Image-caption web data
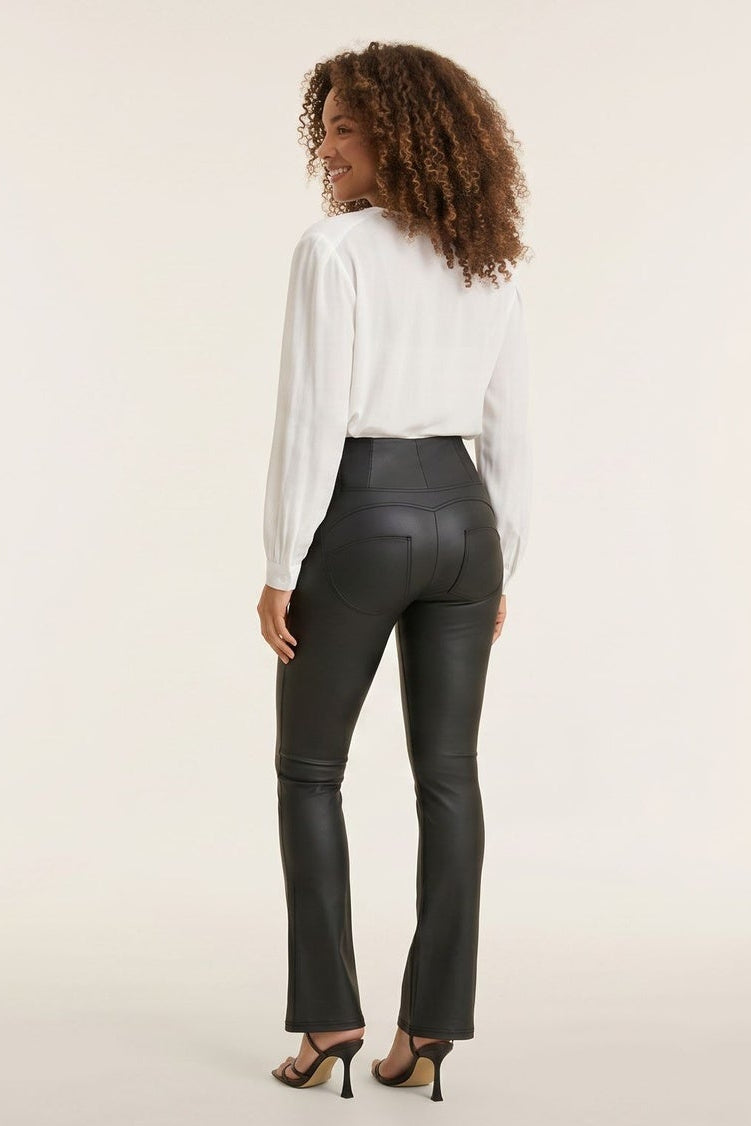 Woman wearing a white blouse and black leather pants, standing against a plain background.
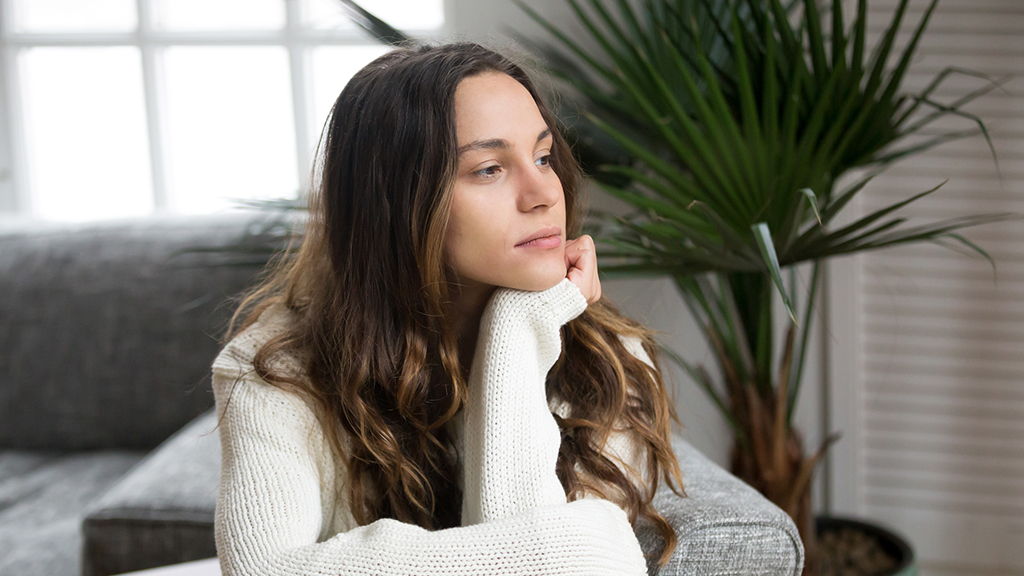 woman looking thoughtful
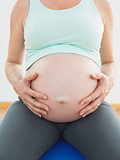Pregnant woman sitting on blue exercise ball holding her belly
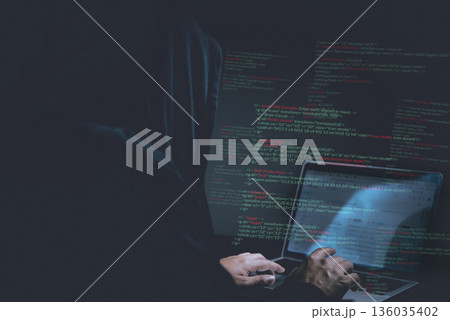 Cybersecurity hacker typing code on laptop in dark room, concept of hacking, malware, identity theft, cyber attack, data protection, and online fraud prevention. Cybersecurity hacker typing code on laptop in dark room, concept of hacking, malware, identity theft, cyber attack, data protection, and online fraud prevention. 136035402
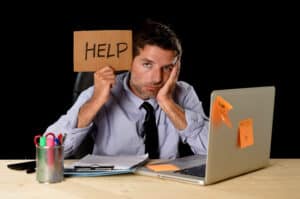 Blog image tired desperate businessman in office stress working asking for help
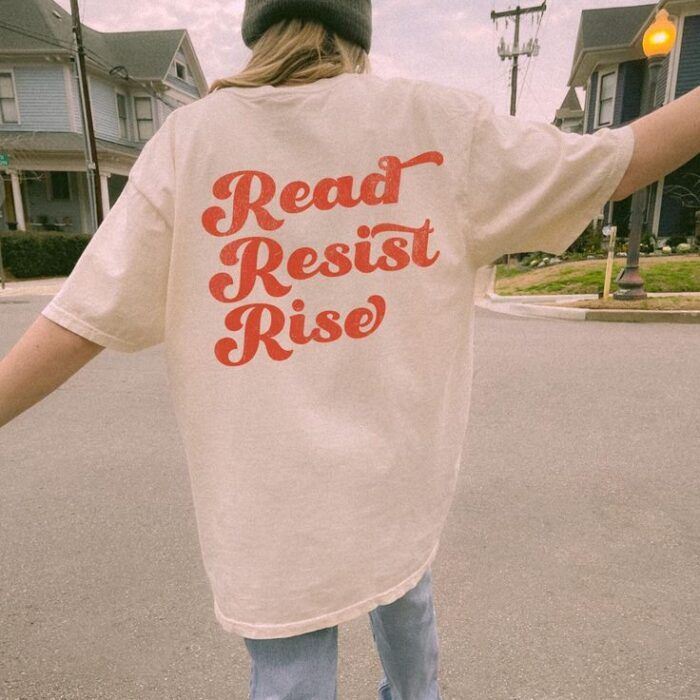 a pink shirt with red script that says "read, resist, rise"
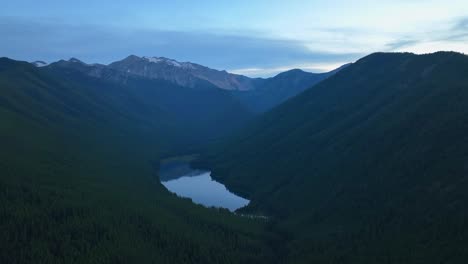 Flying-Over-The-Mountain-Range-With-Dense-Forest-And-Valley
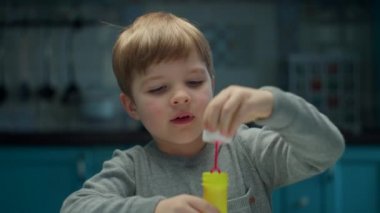 Sarışın anaokulu öğrencisi çocuk evde oturmuş sabun köpüğü üflüyor. Çocuk evde ağır çekimde tek başına oynuyor.. 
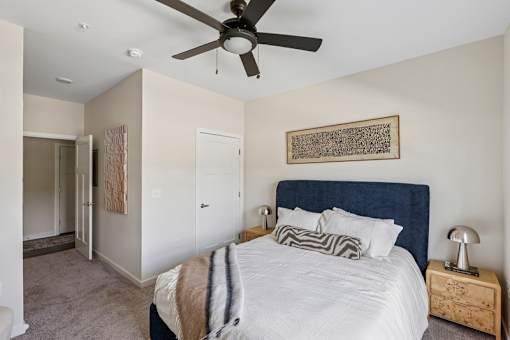 A bedroom with a large bed and a ceiling fan.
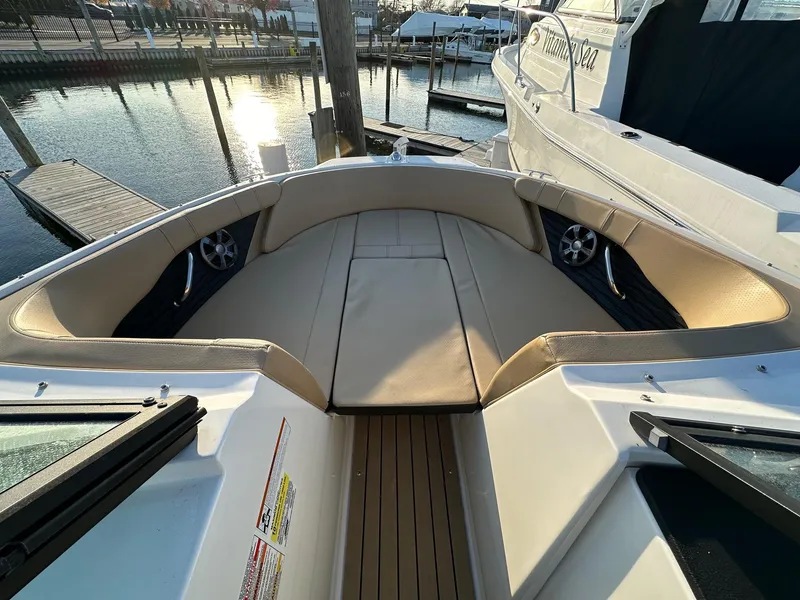 Slide: The Image of Interior view of 2021 Sea Ray SPX 190 boat at the marina. - 16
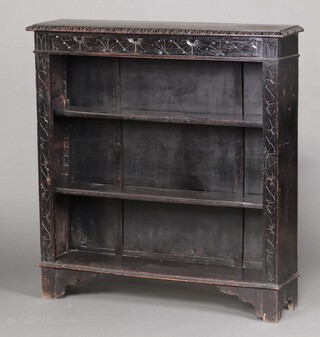 A Victorian ebonised oak bookcase fitted adjustable shelves, raised on bracket feet 96cm h x 106cm w x 26c d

**Description of the task**
Pictures are to be omitted. The lines from the line holding "Slide: The Image" through the closing line of the data above are to be set down exactly, and nothing more.

**Written answer**
 Slide: The Image of Interior view of 2021 Sea Ray SPX 190 boat at the marina. - 16
 A Victorian ebonised oak bookcase fitted adjustable shelves, raised on bracket feet 96cm h x 106cm w x 26c d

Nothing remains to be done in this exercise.